#### What you are asked to do:
Output range, inclusive: from the line containing "Preparation for painting" to the line containing "two diamond tennis". Restate those lines from the data below word for word and only those.

#### Records for the exercise:
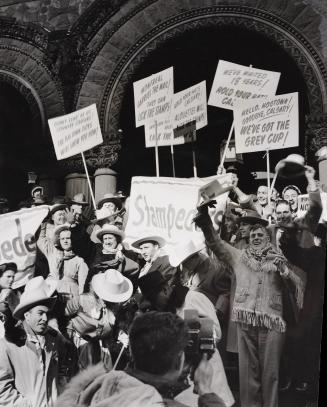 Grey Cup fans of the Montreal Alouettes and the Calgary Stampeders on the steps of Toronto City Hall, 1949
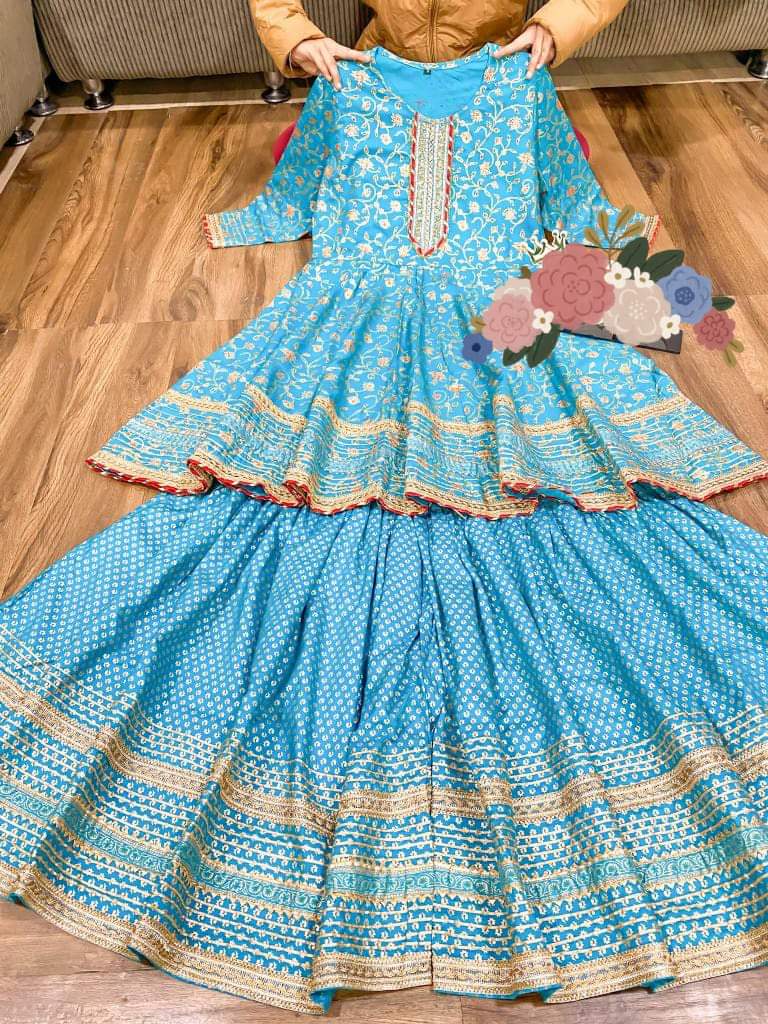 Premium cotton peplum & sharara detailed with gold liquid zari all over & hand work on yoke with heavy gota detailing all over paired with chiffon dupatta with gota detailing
--
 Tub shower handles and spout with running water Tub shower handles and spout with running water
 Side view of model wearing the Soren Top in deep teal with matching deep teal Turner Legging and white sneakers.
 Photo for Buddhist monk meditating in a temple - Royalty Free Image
...
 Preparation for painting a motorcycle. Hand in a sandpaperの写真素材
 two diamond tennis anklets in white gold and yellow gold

#### Solution for this exercise:
 Preparation for painting a motorcycle. Hand in a sandpaperの写真素材
 two diamond tennis anklets in white gold and yellow gold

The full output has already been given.